For this anthology, I have copy edited and also taken the liberty of, when applicable, substituting some gendered or sanist language with more contemporaneous wording.17 The stories are otherwise intact. It would be remiss of me if I did not note; however, that one of the stories, “Bitter Winter” (1995), has sanist and ableist tropes that could not be contemporized without making dramatic changes to the story. In this story, the fictional disease brekken vinthern drives those impacted to violence; while it’s real world correlate of major neurocognitive disorder can include symptoms of aggression and agitation, extreme violence is rare and people with this condition are also at great risk of being harmed by violence. The tropes “Mercy Kill” and “Shoot the Dog” are depictions of non-voluntary active euthanasia, typically from the perspective of the horrified “killer” placed in an impossible situation. These tropes frame murder and death as “putting someone out of their misery” while downplaying any alternatives (ie: sedation to alleviate suffering, medical attention, or, say, ion cannons to render a ship inoperable without killing.)
Like in our society, the societies in Star Wars have consistently framed mental illness pejoratively. There are certainly valid critiques of the utter inadequacy of health care in Star Wars. Ableism is ubiquitous in entertainment media, and even with it’s problematic tropes, “Bitter Winter” remains one of the more humanizing depictions of a mental health condition in Star Wars fiction. I have included it in this anthology as a rare example of moral ambiguity in the franchise.
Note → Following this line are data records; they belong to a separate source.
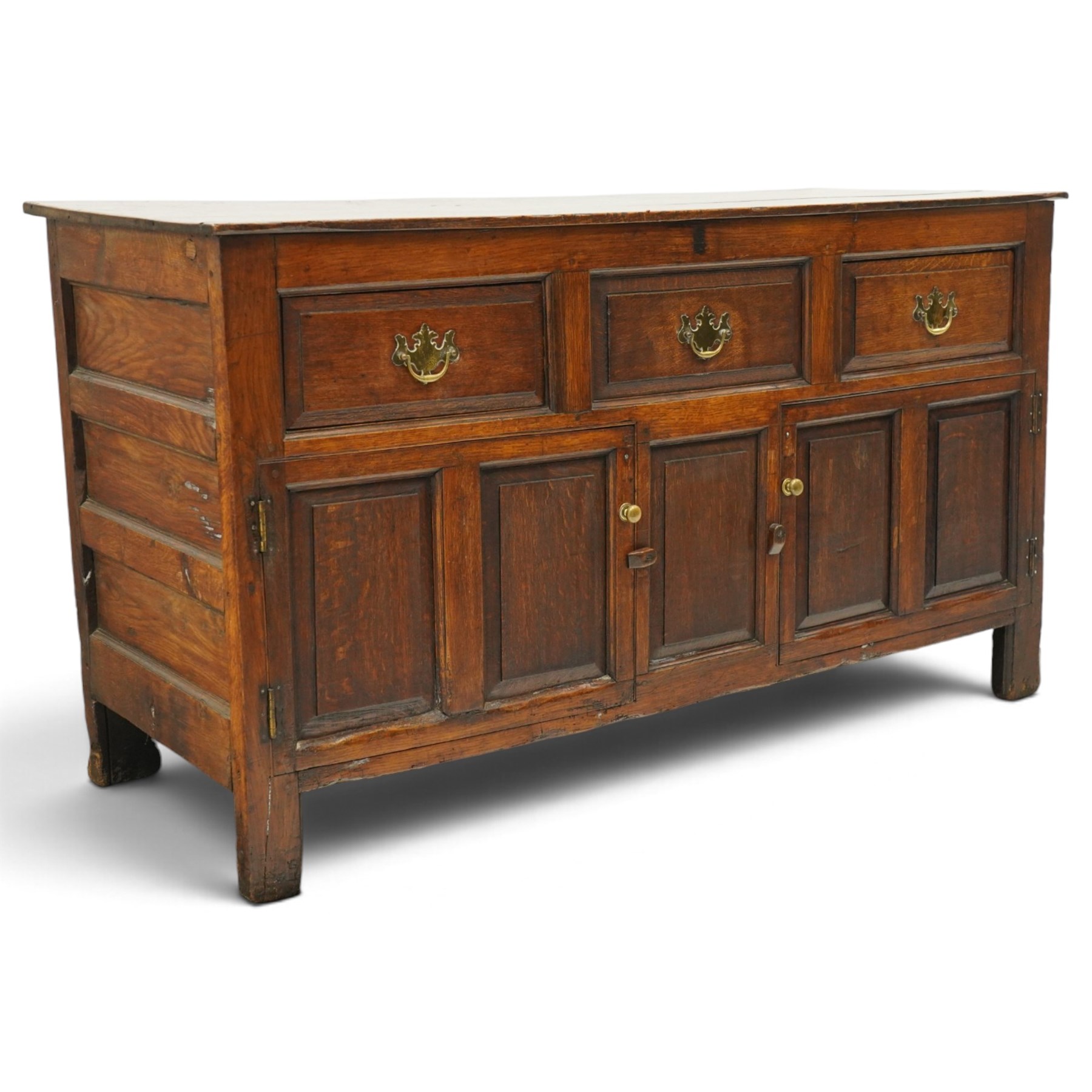 18th century oak dresser base, rectangular top over three drawers, fitted with twin panelled hutch-cupboard doors flanking central fielded panel, raised on stile supports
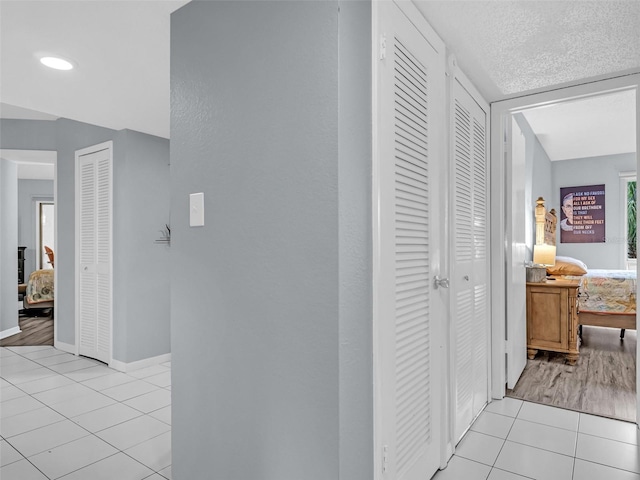 hallway with light tile patterned floors and a textured ceiling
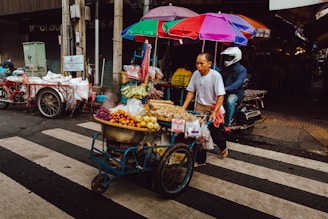 man pushing his food cart on pedestrian lane during daytime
With the exception of “Fragile Threads” and “Emanations of Darkness,” the stories here are presented not in published order, but in chronological order as they would have occurred in the Star Wars universe. Ordering the stories chronologically helped clarify timelines; it also allows the anthology to begin with “The Final Exit,” which was a fan favorite back when it was first published. I’ve interwoven the Brandl family stories with Drake Paulsen’s coming of age adventures, as the Paulsens are such a strong foil to the Brandl family.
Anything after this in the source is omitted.